When compiling the list of applications in that article, I deliberately avoided listing "machine learning analytics." The reason why: Machine learning is a tool used in many, if not most, of these analytic use cases, but it's not a use case in itself -- in other words, it's not a specific application domain in its own right. For that same reason, I didn't list schema design, metadata management, or data integration as big data use cases. As with machine learning, all of these contribute in varying degrees to realizing value for most big data analytic applications.
Machine learning's contribution to big data application ROI is twofold: boosting data scientist productivity and uncovering hidden patterns that even the best data scientists may have overlooked. These value points derive from machine learning's core function: enabling analytic algorithms to learn from fresh feeds of data without constant human intervention and without explicit programming. The approach allows data scientists to train a model on an example data set, then leverage algorithms that automatically generalize and learn both from that example and from fresh data feeds.
In many ways, machine learning can be the ROI capstone of your big data initiative. Your investment in machine learning can help deepen whatever business case you've made for big data in the enterprise. That's because machine-learning algorithms grow even more effective at your data scales in volume, velocity, and variety. As such, it's another example of, per my discussion in this recent article, how big data's bigness can be its core driver of value.
As Mark van Rijmenam says in this recent article on machine learning: "The more data is processed, the better the algorithm will become." Many of the machine-learning applications that he discusses -- ranging from speech and facial recognition to clickstream processing, search-engine optimization, and recommendation engines -- might be described as "sense-making analytics" (which, now that I think of it, I should have included in my list of hardcore big data applications).

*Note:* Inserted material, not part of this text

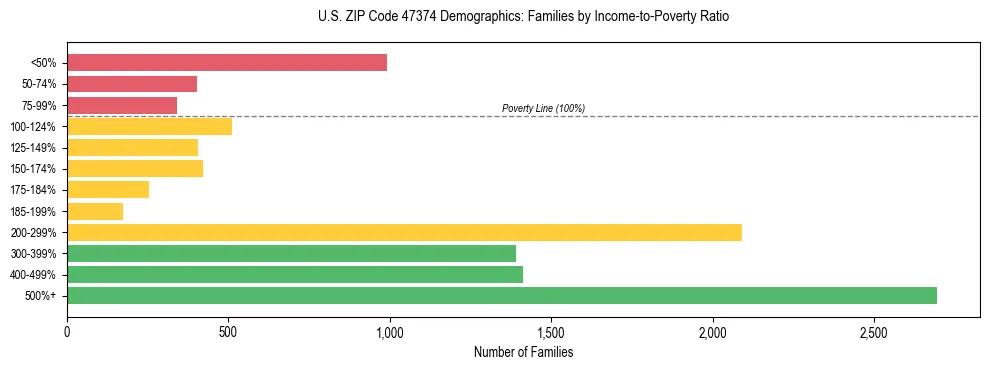 Horizontal bar chart showing family distribution by income-to-poverty ratio in US ZIP Code 47374, based on 2023 ACS data.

Sense-making analytics involves continuous monitoring of feeds whose semantic patterns, context, and importance must be inferred from the stream. In support of automated sense-making, machine-learning algorithms must often handle feeds of daunting complexity, such as feeds that incorporate implicit semantic hierarchies among constituent objects or those environments where an overall sense must be gleaned in real time through correlation of multiple distinct streams. The streams may include various objects, such as data, video, images, speech, faces, gestures, geospatials, and browser clicks. And the sense to be auto-extracted from streams, via machine learning, may be any blend of cognitive, affective, sensory, and volitional features, per my recent discussion in this recent blog.